LBXXI: Como as escritoras negras, em particular, abordaram a questão da interseccionalidade de raça e gênero em suas obras?

Patricia e Nelson: As escritoras negras falam sobre a importância de se enegrecer o movimento feminista, abordando as especificidades das mulheres negras, e sobre a necessidade de feminizar o movimento negro, uma vez que quando surgiu esse movimento não se discutia as pautas das mulheres negras, como o machismo, a hiperssexualização de seus corpos, a dificuldade de encontrar creche para os filhos, de encontrar uma posição no mercado de trabalho que não fosse o trabalho doméstico, por exemplo. Essas autoras retratam em suas obras mulheres negras e sua luta contra o machismo e o racismo que estão constantemente presentes em suas vidas. Na obra Insubmissão lágrimas de mulheres, por exemplo, Conceição Evaristo nomeia cada conto com o nome de uma mulher e retrata a luta cotidiana de cada uma delas contra diferentes formas de opressão.

LBXXI:  Grande parte da resistência e da produção cultural do Brasil Crioulo foi transmitida pela oralidade, músicas e tradições culturais, mais do que pela escrita formal. A produção literária de autores negros apresenta quais desafios no que diz respeito à publicação e visibilidade? Houve, ou ainda há, alguma forma de exclusão ou silenciamento?

Patricia e Nelson: Há vários pesquisadores, como a Profª. Dra. Regina Dalcastagnè, que mostram os desafios quanto à publicação, por mais que as redes sociais auxiliem dando visibilidade, o número de escritores negros publicados ainda é inferior quando comparado aos brancos, principalmente se olharmos para as grandes editoras. Talvez hoje, o maior desafio esteja em torno da temática, há um certo “fetiche” em ler histórias em que personagens negros sofram racismo, sem entender que um autor negro pode falar sobre qualquer assunto. Ficar em estado de alerta é importante para não cairmos em ciladas que limitem a criação literária de autoria negra. 

LBXXI: Movimentos sociais contemporâneos, como o movimento negro, o feminismo negro e a luta pela igualdade racial no Brasil, continuam a encontrar inspirações na literatura e cultura crioulas?  Poderiam falar um pouco sobre o legado dessa produção literária e cultural para o Brasil contemporâneo?

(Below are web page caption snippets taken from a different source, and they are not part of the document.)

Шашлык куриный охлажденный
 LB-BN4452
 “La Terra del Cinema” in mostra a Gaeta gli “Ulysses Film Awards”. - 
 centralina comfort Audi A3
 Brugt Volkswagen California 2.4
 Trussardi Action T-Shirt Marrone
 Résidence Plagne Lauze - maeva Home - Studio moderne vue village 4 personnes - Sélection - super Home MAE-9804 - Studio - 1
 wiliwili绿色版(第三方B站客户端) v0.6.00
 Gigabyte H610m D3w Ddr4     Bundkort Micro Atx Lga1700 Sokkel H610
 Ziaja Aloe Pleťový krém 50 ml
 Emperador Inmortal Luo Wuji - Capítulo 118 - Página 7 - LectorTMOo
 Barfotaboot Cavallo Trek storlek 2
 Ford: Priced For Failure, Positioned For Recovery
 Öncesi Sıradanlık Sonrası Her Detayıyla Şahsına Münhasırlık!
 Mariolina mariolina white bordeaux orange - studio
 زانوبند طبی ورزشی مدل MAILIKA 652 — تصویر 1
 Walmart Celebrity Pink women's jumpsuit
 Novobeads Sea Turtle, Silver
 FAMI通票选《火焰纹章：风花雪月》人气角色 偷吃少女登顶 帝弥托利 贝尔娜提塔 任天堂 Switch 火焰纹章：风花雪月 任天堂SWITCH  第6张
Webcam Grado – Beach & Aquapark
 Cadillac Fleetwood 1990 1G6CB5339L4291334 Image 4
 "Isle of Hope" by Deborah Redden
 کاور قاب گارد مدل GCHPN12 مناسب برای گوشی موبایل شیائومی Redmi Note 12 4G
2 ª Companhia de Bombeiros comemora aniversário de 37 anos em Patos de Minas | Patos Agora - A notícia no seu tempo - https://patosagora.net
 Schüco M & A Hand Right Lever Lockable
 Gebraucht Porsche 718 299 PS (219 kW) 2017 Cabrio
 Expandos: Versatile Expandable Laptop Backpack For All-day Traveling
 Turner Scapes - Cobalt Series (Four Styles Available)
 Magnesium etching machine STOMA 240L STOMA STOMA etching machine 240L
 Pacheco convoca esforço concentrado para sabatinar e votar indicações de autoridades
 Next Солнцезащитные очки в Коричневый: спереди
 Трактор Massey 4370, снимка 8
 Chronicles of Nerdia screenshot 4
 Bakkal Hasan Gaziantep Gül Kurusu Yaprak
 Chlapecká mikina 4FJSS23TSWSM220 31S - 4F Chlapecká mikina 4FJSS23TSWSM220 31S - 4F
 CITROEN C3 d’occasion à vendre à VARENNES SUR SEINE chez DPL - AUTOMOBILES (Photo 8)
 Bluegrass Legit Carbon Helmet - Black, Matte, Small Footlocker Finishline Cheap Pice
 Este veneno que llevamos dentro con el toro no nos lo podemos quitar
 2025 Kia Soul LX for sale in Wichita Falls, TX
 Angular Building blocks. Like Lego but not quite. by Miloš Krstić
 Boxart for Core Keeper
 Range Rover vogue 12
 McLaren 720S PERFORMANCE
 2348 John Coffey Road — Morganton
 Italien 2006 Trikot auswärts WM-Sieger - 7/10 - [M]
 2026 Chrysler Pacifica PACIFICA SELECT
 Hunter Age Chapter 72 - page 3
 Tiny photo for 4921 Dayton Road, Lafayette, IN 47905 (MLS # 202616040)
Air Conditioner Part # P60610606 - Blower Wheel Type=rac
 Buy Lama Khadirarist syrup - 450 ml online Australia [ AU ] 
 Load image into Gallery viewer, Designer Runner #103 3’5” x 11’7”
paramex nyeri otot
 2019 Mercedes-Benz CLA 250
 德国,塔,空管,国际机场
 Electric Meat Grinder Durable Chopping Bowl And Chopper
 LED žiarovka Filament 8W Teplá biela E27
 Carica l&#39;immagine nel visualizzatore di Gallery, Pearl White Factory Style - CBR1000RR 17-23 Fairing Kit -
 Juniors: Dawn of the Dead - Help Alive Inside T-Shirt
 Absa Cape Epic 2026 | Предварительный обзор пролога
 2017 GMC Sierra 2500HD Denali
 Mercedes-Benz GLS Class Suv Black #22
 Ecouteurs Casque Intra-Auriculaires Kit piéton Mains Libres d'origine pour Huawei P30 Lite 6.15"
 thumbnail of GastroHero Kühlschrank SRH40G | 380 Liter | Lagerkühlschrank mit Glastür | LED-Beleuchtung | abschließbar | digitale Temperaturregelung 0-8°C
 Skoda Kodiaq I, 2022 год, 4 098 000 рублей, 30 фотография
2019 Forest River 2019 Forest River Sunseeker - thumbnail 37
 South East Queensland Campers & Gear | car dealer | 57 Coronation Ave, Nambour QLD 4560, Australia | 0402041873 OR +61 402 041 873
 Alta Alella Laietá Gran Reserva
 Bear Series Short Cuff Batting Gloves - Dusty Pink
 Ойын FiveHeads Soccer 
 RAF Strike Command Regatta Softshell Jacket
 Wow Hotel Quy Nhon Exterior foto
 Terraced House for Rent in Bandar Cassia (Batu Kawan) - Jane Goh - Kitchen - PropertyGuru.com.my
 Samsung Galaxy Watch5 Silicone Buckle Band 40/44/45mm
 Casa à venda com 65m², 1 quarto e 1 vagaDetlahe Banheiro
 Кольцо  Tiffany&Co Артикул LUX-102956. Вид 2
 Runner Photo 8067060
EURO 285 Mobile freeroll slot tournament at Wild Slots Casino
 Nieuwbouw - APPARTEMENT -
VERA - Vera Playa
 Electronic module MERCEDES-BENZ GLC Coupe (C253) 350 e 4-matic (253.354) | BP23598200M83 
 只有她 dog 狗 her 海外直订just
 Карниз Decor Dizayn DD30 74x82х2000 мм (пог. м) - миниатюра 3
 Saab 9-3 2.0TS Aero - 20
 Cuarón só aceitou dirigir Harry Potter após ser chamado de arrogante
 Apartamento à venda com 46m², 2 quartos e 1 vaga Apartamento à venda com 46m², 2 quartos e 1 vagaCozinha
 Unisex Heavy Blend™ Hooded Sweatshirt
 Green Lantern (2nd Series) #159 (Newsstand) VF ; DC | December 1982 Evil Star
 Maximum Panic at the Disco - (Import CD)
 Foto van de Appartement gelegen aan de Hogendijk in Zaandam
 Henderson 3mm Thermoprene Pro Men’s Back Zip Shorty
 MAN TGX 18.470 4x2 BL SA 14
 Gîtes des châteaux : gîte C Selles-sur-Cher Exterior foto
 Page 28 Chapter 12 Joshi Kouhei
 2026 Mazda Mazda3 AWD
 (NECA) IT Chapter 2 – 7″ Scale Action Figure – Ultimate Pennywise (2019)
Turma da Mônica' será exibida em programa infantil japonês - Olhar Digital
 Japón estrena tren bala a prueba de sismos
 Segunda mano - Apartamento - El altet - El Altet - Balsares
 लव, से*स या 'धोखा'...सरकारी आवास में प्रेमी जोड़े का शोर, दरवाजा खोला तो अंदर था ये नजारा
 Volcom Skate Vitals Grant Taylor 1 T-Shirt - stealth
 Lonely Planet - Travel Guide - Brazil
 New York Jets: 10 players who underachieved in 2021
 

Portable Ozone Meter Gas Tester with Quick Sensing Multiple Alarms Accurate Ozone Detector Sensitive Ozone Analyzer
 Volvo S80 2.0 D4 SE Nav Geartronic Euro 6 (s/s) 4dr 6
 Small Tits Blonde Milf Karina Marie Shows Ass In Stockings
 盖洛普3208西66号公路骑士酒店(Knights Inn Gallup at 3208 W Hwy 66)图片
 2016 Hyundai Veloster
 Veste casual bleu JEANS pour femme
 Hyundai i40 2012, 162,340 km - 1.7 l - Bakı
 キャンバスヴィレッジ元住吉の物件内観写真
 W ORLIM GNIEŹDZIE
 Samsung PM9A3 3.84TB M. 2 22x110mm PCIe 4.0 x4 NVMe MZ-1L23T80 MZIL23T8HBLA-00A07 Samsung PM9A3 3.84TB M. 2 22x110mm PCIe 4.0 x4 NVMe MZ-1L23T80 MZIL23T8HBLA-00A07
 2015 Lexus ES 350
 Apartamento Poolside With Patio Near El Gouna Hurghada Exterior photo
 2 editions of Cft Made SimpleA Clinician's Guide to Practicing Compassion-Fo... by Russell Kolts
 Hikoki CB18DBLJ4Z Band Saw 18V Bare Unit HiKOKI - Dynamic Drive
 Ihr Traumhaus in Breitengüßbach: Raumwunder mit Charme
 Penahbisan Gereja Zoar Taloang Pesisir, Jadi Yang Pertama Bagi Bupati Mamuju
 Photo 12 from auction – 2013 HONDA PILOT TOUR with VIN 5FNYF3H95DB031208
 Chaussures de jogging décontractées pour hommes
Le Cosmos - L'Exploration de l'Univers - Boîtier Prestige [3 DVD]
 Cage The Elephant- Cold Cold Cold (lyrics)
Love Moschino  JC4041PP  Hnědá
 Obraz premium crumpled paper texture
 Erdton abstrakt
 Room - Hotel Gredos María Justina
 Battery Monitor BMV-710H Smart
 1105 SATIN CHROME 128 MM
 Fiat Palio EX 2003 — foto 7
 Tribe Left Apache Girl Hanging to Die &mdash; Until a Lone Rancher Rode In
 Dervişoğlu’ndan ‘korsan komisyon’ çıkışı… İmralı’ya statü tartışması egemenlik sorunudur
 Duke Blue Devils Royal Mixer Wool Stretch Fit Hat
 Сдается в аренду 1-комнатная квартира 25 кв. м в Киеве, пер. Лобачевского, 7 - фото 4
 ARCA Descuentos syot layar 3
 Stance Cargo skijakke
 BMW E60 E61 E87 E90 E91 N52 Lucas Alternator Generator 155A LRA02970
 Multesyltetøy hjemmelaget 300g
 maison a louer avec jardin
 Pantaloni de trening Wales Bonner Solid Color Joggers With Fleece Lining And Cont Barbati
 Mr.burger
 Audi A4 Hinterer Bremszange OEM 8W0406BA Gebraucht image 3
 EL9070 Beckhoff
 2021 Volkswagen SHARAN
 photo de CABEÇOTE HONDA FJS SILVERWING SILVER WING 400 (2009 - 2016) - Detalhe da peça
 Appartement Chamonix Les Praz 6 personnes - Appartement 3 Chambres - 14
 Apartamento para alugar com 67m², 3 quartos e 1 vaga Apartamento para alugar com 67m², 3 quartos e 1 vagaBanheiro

Patricia e Nelson: Com toda certeza! Podemos dizer que os movimentos sociais e as artes caminham juntas, mesmo quando não existe uma intenção direta pelo social, essas inspirações coexistem, pois, sublimar as questões que nos sufocam também é existir, está aí um grande ato de militância, querer existir para além, e, vale ressaltar, isso é um direito conquistado com toda luta feita desde o Brasil Crioulo, quem veio antes, para que hoje um escritor negro fale em seu livro sobre amor ou aborde a vida de um personagem que foi à praia. Um grande exemplo de autor que traz em sua obra questões para além das pautas raciais é o Jeferson Tenório, em O Avesso da Pele, por exemplo, o narrador leva o leitor a refletir sobre inúmeras ideias existenciais como as relações familiares, os afetos amorosos etc., temas que são caros a todas as pessoas. 

LBXXI: Há algo que gostariam de acrescentar?

Patricia e Nelson: Ao falarmos de literatura, raça e gênero, não podemos esquecer de abordarmos as masculinidades negras, tema que está em destaque atualmente. Veja, questionar como essa masculinidade é formada e quais nuances possui, nos coloca de frente com o espelho, inclusive em observar como socialmente os estereótipos são construídos, mas que na literatura outras possibilidades de existências para esses homens negros são apresentadas. Há uma gama de autores negros que ao apresentarem seus personagens, quebram com uma estrutura que insiste em matar desde o nascimento os meninos negros. Eles apresentam narrativas sensíveis e muito diversas, colocando em pauta um lado que dificilmente vemos quando estamos viciados em ouvir uma história única.